There are just two elements with class="finalScore", the first is the score of the home team, the second is the score of the away team:

>>> from urllib import urlopen
>>> from bs4 import BeautifulSoup
>>> 
>>> favPrevGMInfoUrl = 'http://www.cbssports.com/nfl/gametracker/boxscore/NFL_20140914_NE@MIN'
>>> 
>>> favPrevGMInfoSoup = BeautifulSoup(urlopen(favPrevGMInfoUrl))
>>> score = [item.get_text() for item in favPrevGMInfoSoup.find_all("td", {"class": "finalScore"})]
>>> score
[u'30', u'7']

FYI, instead of .find_all("td", {"class": "finalScore"}), you can use a CSS selector: .select("td.finalScore").

0
mkkane On

In your code you are assigning different types of objects to favScore. So in the first case, where you have:

if favLastGM == 'A': #This Gives Final Score of Away Team - Away Score
    favScore = favPrevGMInfoSoup.find_all("td", { "class" : "finalScore" })

You end up with a list...

faveScore = [<td class="finalScore">30</td>, <td class="finalScore">7</td>]
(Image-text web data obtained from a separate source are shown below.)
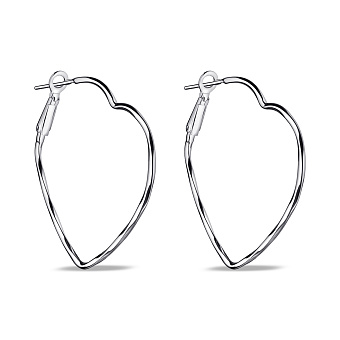 Фото Серебряные серьги Сердце без камней (арт. 7502/9830)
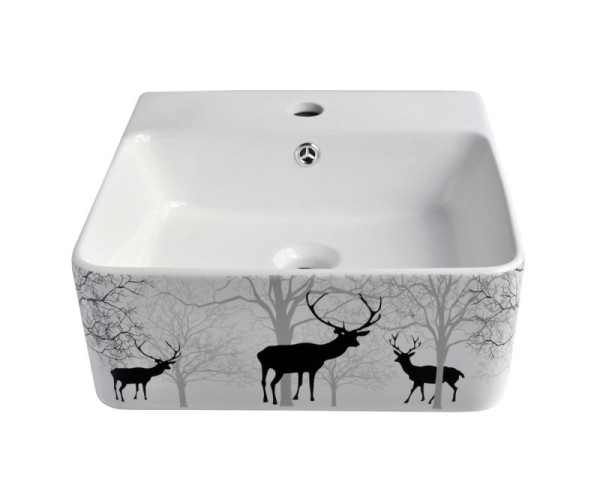 Раковина чаша Bronze de Luxe Black Deer 1060BD, белый. Фото 1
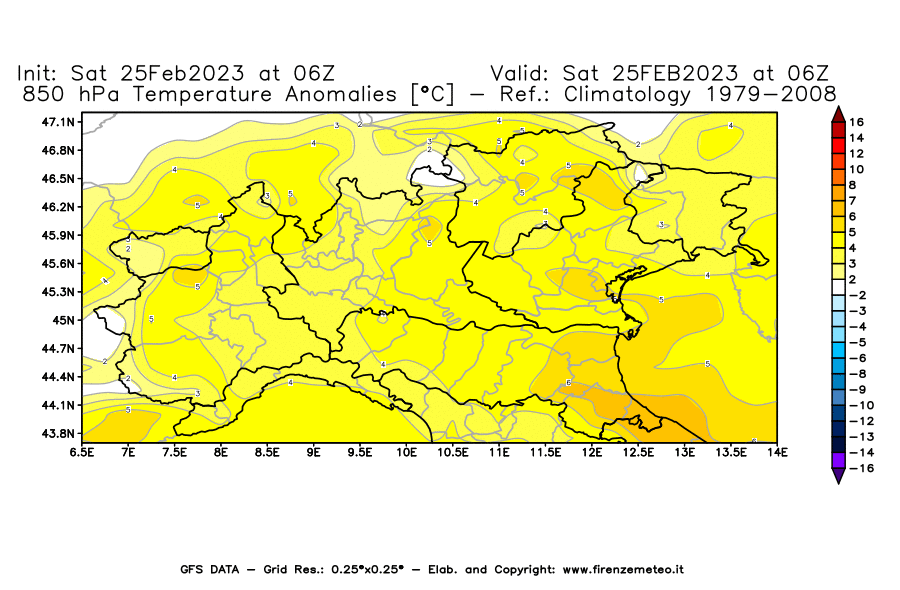 Mappa di analisi GFS - Anomalia Temperatura [°C] a 850 hPa in Nord-Italia
							del 25/02/2023 06 <!--googleoff: index-->UTC<!--googleon: index-->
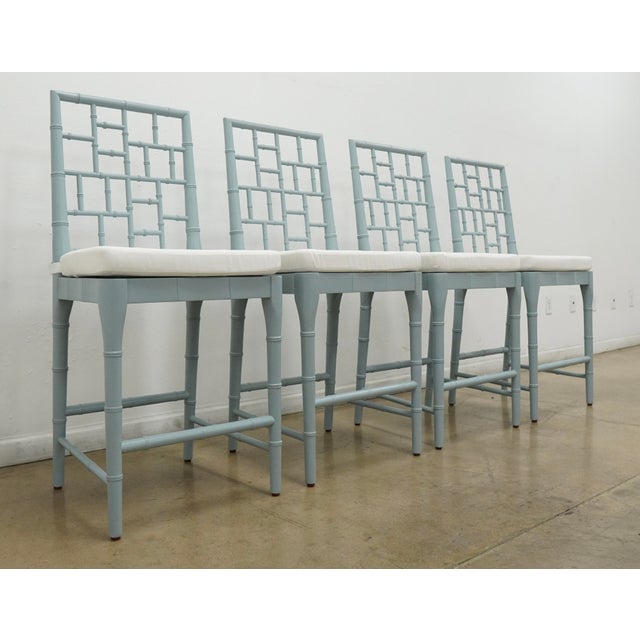 Chippendale Faux Bamboo Chippendale Bar Stools (Set of 4) For Sale - Image 3 of 18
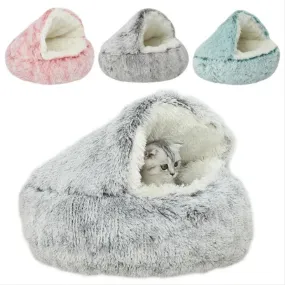 Plush Round Pet Bed House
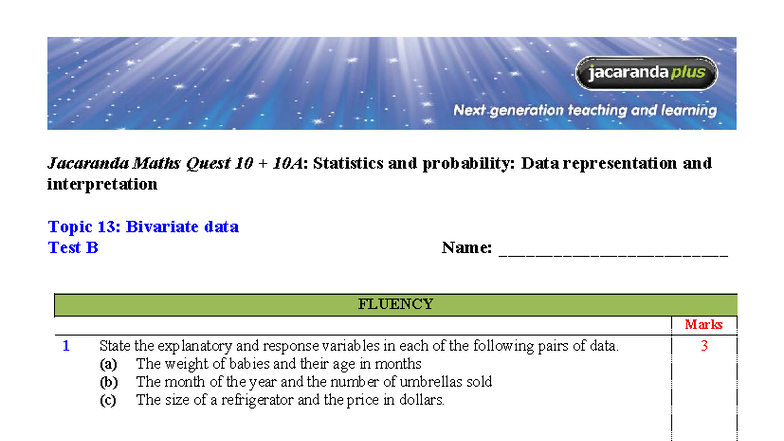 Jacaranda Maths Quest 10A: Bivariate Data Test B Practice - Studocu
Whereas in the second case, where you have:

elif favLastGM == 'H':
    favScore = favPrevGMInfoSoup.find_all("td", { "class" : "finalScore" })[1]

You end up with a BeautfulSoup element...

favScore = <td class="finalScore">7</td>

You could fix this by doing (note the [0]):

if favLastGM == 'A': #This Gives Final Score of Away Team - Away Score
    favScore = favPrevGMInfoSoup.find_all("td", { "class" : "finalScore" })[0]
elif favLastGM == 'H':
    favScore = favPrevGMInfoSoup.find_all("td", { "class" : "finalScore" })[1]

And then at the end do:

print favScore.text
0
jorgeh On

I slight extension to @alecxe's answer, with explicit selection of home and away teams (instead on relying on the implicit ordering of the array):

from urllib import urlopen
from bs4 import BeautifulSoup

favPrevGMInfoUrl = 'http://www.cbssports.com/nfl/gametracker/boxscore/NFL_20140914_NE@MIN'

favPrevGMInfoSoup = BeautifulSoup(urlopen(favPrevGMInfoUrl))

home_score = favPrevGMInfoSoup.find("tr", {"class": "teamInfo homeTeam"}).find("td", {"class": "finalScore"}).get_text()
away_score = favPrevGMInfoSoup.find("tr", {"class": "teamInfo awayTeam"}).find("td", {"class": "finalScore"}).get_text()

print home_score, away_score